If you assume no growth in prices of your equity and crypto and CDs give you 3% yield, munis 4% yield, and ETFs 2% dividend, your portfolio looks something like this:
30 years later you have almost $900 million invested even with 0% growth in ETFs and crypto. And you are cashflowing ~$12.5 million a year after-tax.
Sure, this is simplistic as you probably can open your investment world up to more than just 4 assets. But you get the idea. You have spent $238 million over the 30 years and still have at a minimum, $900 million in assets and enough cashflow to live off.
[Note- We would probably buy some permanent life insurance in there as well to move money to trusts for kids and grand kids to keep it private and have control on when they get the money.]
Now you tell me, why are you taking a lump sum and a ton of investment risk?
“I want the money if I die” is one other reason said on Twitter for the lump sum. Well, if you die, your estate gets the remaining CF. Per the lotto site:
“If a jackpot winner dies before receiving all annual installments, the balance of the prize will be paid to the winner's estate. Upon receipt of a court order, annual prize payments will continue to be paid to the winner's heirs. Other provisions may also apply depending on the laws of the lottery paying the prize.”
Conclusion:
This free post is a bit of mental masturbation. The likelihood of any of the thousands of people subscribing actually winning lotto is immaterial (but if any of you do, we will help advise your finances).
But it is a fun one to write.
The answer is so absurdly clear to us on what to do, the fact there are so many bad takes out there is mind bottling.
If you win lotto. Be Anon as possible. Get a good team to advise you. Take the annuity so you can’t go broke. And secure safe cashflows first.

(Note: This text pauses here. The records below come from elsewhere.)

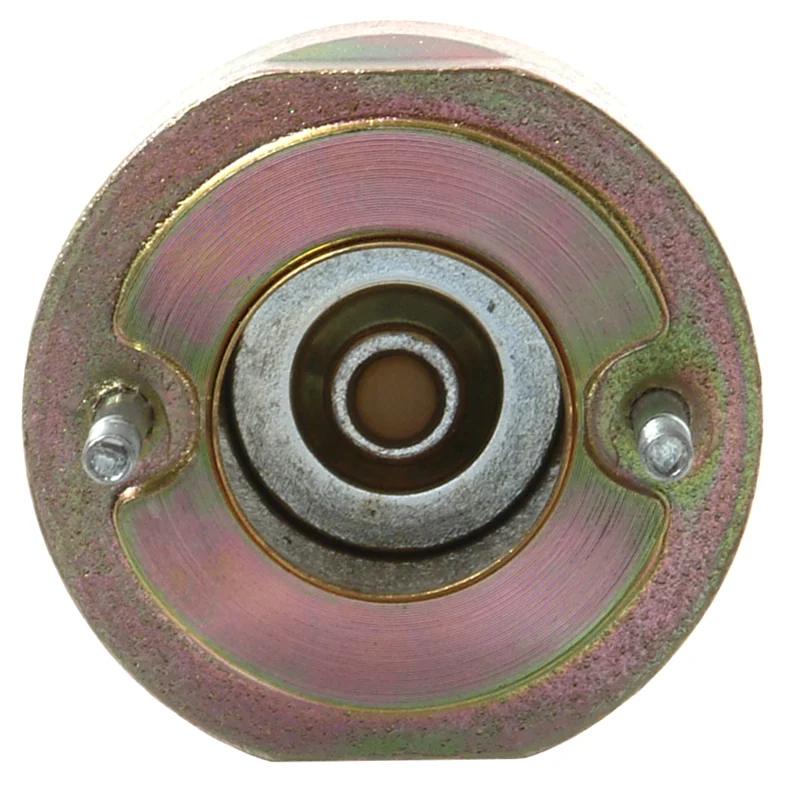 Käynnistysrele 12V, Paris-Rhone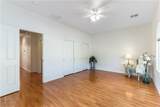 2357 Aztec Ruin Way - Photo 19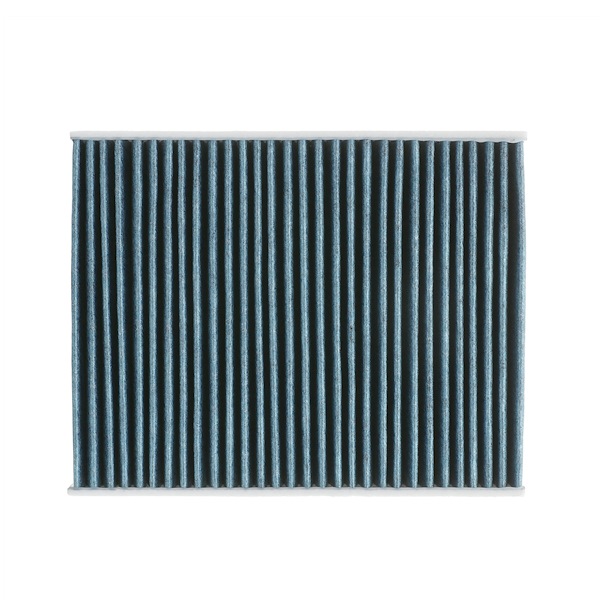 Numero OEM 2S6J 19G244 AA - Filtro abitacolo 424I0551P FORD, FORD USA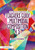 The Writing Workshop Teacher's Guide to Multimodal Composition (K-5) by Angela Stockman, 9781032078267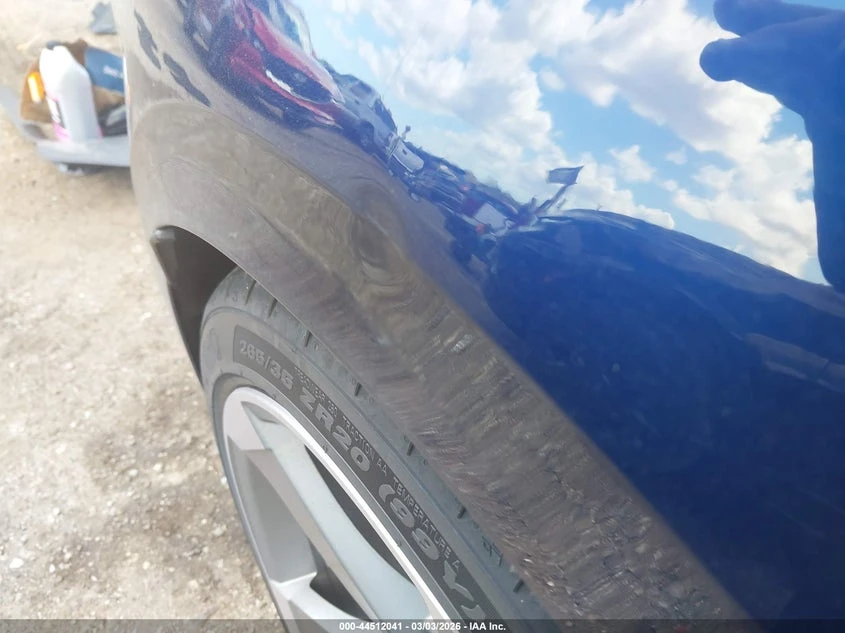 Audi S5 Premium* ����������* (���� �� ��) | Mobile.bg � ����������� 6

And stop taking advice from finance gooroos who repeat the same 2 talking points no matter what (“BuY VoO”).
Even smaller jackpots (Powerball minimum jackpot is $40 million, so low $20mm lump sum and ~$10-12 million post-tax) makes sense to take the increasing annuity. Sure you can’t spend $5mm a year, but all the above logic is still valid.
And this is more time on lotto than you should spend. You should be building your side incomes since that is a much higher probability of success. Thanks for reading, but go build something.
Good luck Anon
These articles really are enjoyable to read, and shows how knowledgeable you are on finances! Thank you for the hard work on it.
I can see the logic behind the annuity strategy. One question for you, though: any concern about a scary future world where the highest income tax brackets get to the point of 60, 70, or 80%? In theory, now might be the lowest taxes are ever going to be looking forward - would it be more tax efficient to tax everything in the lump sum now?